» PROBLEM TO SOLVE: Type out the complete listing below word for word, without its pictures.

» GIVEN DATA:
★ ★ ★ ★ ★ ★ ★

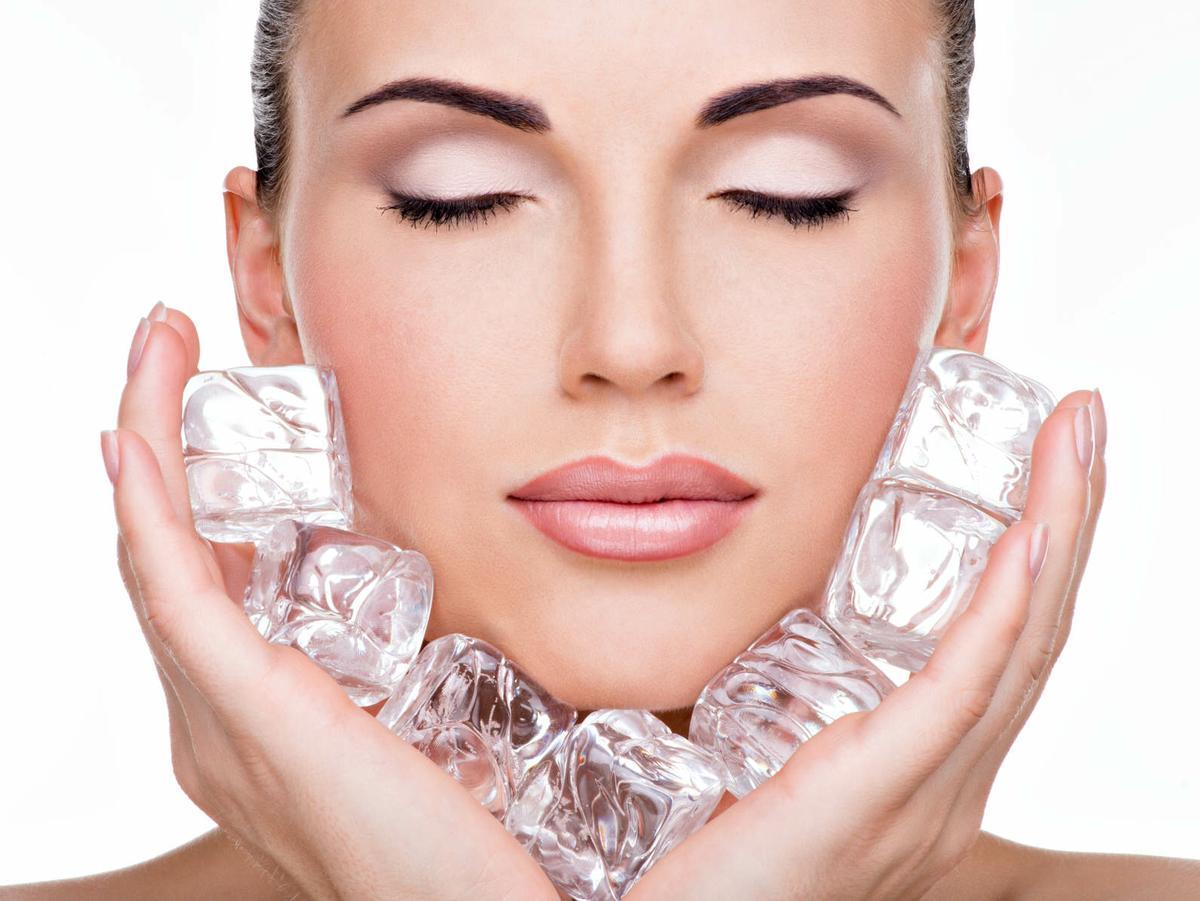 5 Great Benefits of Using Ice for Your Skin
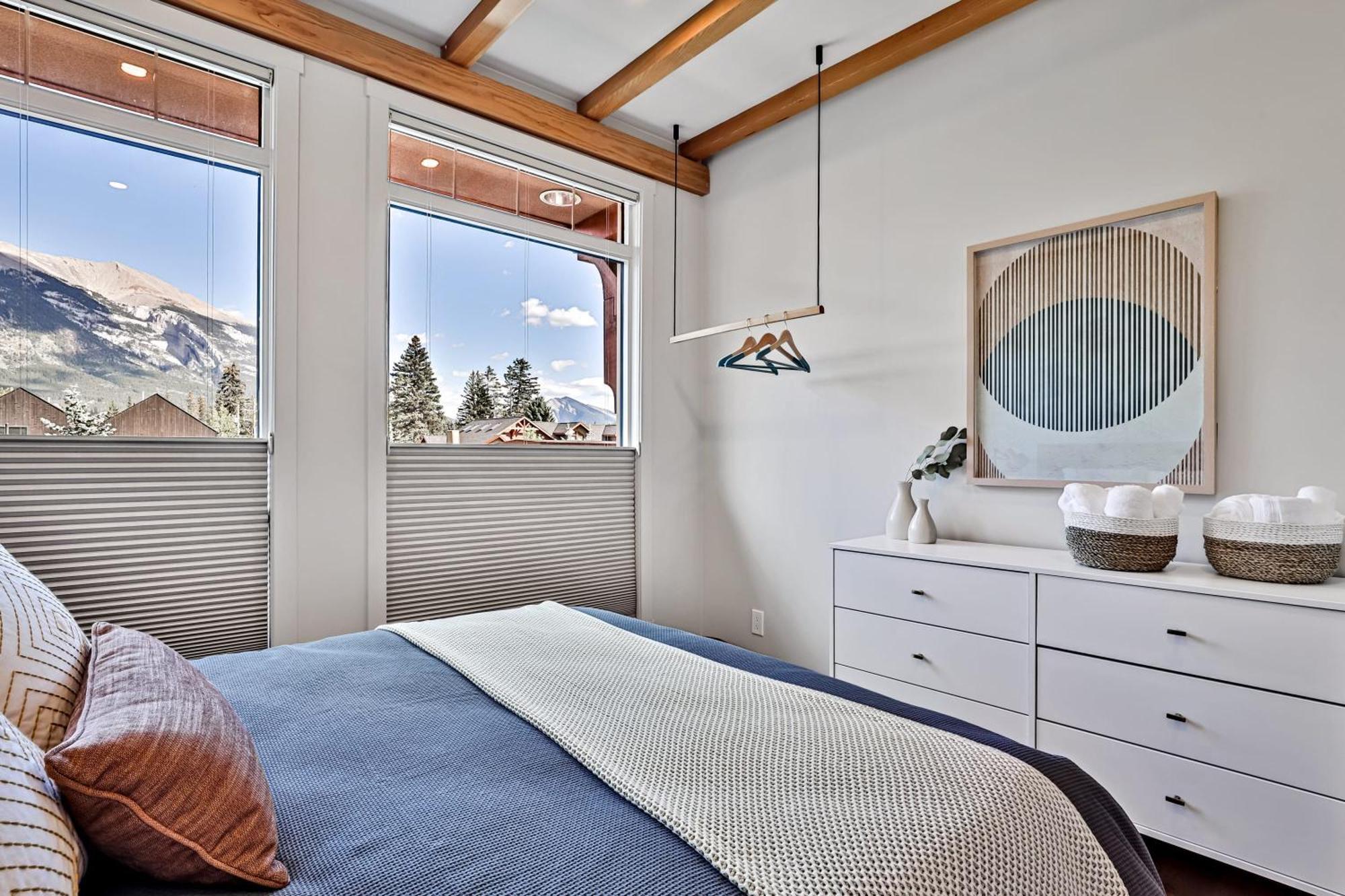 Ravens Crest Lodge - Stunning Views Perfectly Located On Main Street Canmore Kültér fotó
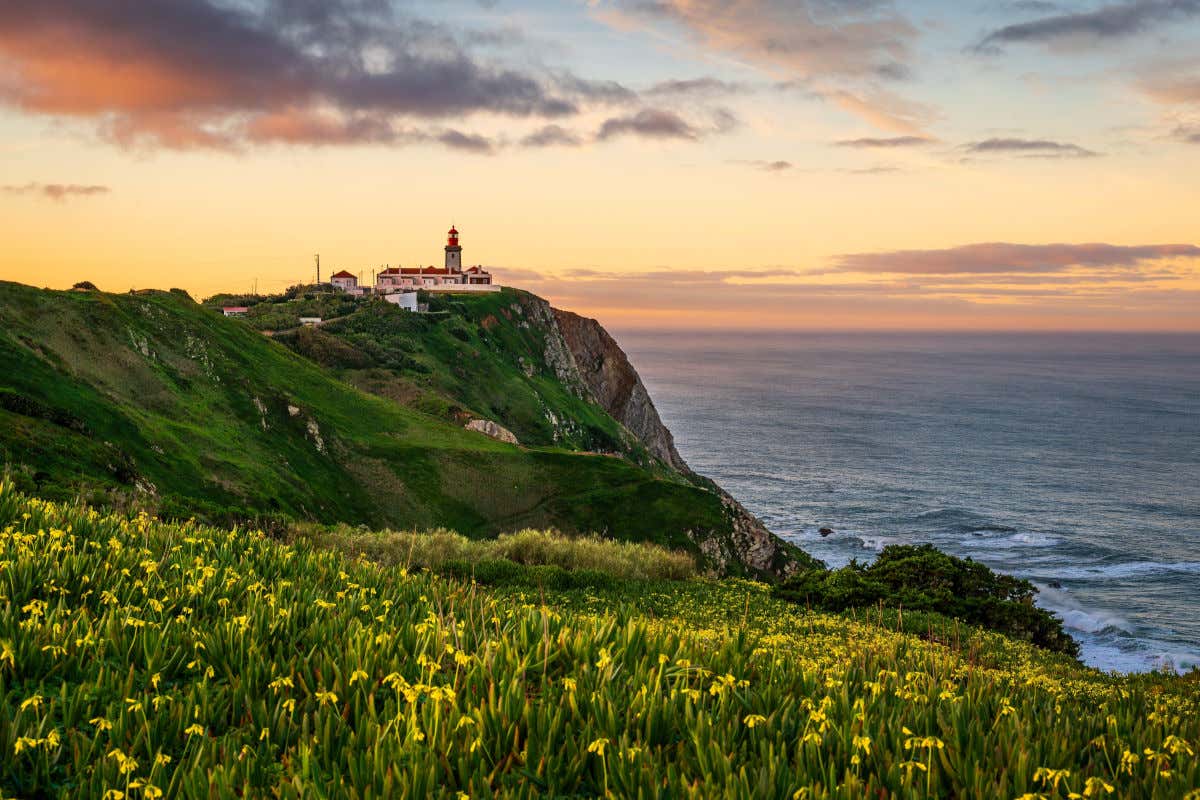 Atardecer en el Cabo da Roca, un acantilado con un faro con vistas al Atlántico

★ ★ ★ ★ ★ ★ ★

» RESPONSE:
 5 Great Benefits of Using Ice for Your Skin
 Ravens Crest Lodge - Stunning Views Perfectly Located On Main Street Canmore Kültér fotó
 Atardecer en el Cabo da Roca, un acantilado con un faro con vistas al Atlántico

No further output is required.